In a statement, Russia’s Foreign Ministry said it was forced to respond to the American “blackmail,” which it warned would harm U.S.-Russia relations. The Kremlin had prepared a list of over 100 American officials in advance of Friday’s announcement, warning its response would be proportionate to the Obama administration’s actions.

The former officials included on the Russian list are David Addington, then Chief of Staff to former Vice President Dick Cheney, and John Yoo, a former Justice Department lawyer who wrote legal opinions justifying the Bush administration’s controversial policies on detainee interrogation.

Russia said the 14 other Americans, which include judges and officials from the Drug Enforcement Agency, were involved in cases against Russian citizens abroad. They included those involved in the capture and conviction of Viktor Bout, a notorious Russian arms trafficker who was the inspiration for Nicholas Cage’s character in the movie Lord of War. Russia has insisted that Bout is an innocent businessman.

The Russian move comes after the Obama administration sanctioned 18 Russians on Friday, plus an untold number of others in a classified annex, on the so-called Magnitsky List. The list, named for whistle-blowing lawyer Sergei Magnitsky who died under mysterious circumstances in 2009 after uncovering massive fraud, was mandated by Congressional legislation in December.
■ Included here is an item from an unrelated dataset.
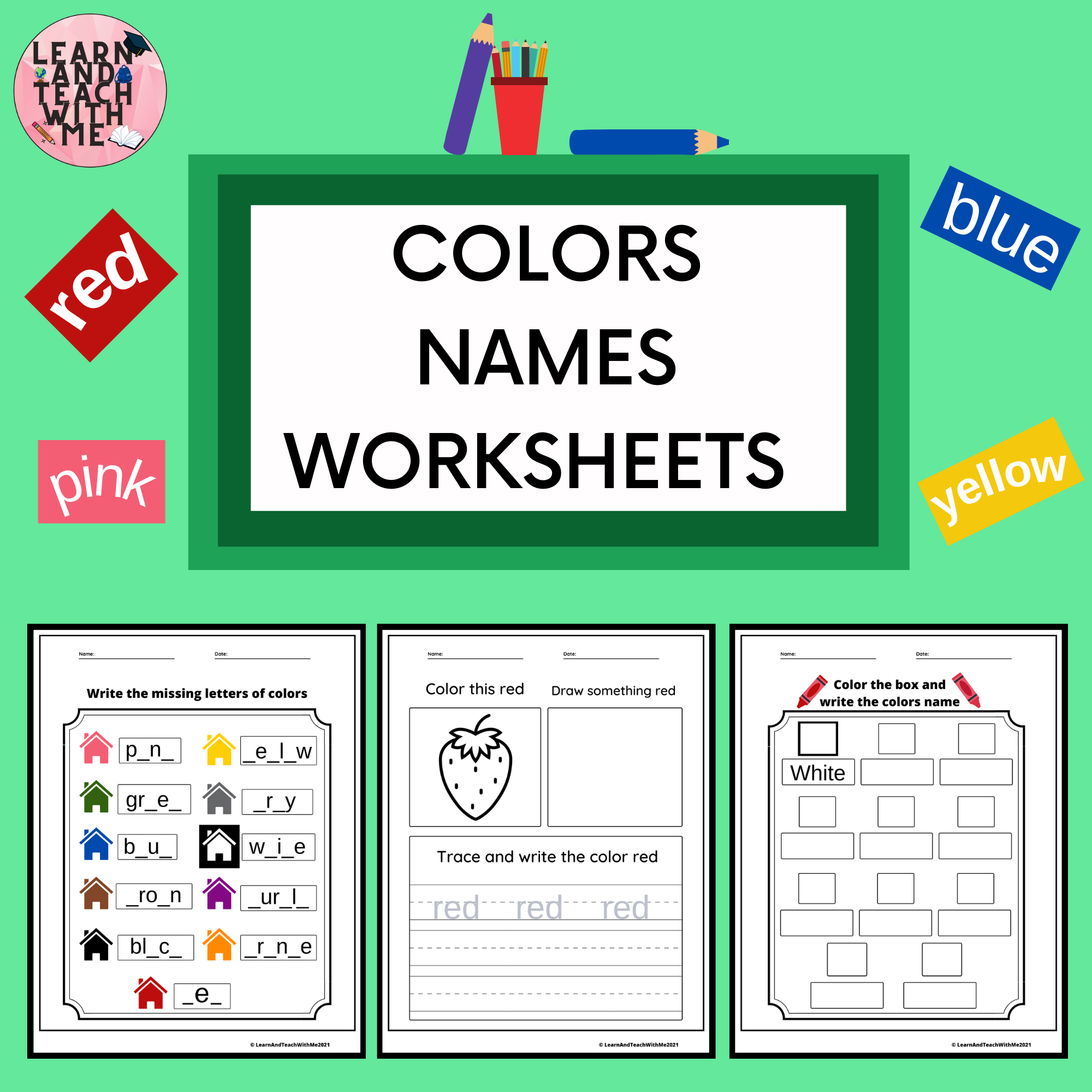 Trace And Write Color Word Worksheets Made By Teachers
Just weeks later, Russia passed a retaliatory bill that included a controversial ban on adoptions to the United States.

The American list included 16 Russians allegedly involved in Magnitsky’s detention and death as well as two Chechens accused of abuses.

The tit-for-tat sanctions come at a delicate time in U.S.-Russian relations. Ties have been strained over the past year, but Washington is trying to convince Russia to drop its support for Syrian President Bashar al-Assad as the conflict there rages on. Both sides are also trying to tee up an agreement on key issues before a meeting between President Obama and Russian President Vladimir Putin in June.

To that end, National Security Advisor Tom Donilon arrives in Moscow on Sunday for a two day visit to discuss prospects for further nuclear arms cuts and NATO’s missile defense plans. The United States insists that plan, which places interceptor missiles in Eastern Europe, is aimed at countering the threat from Iran. Russia says the system degrades its own nuclear deterrent capability.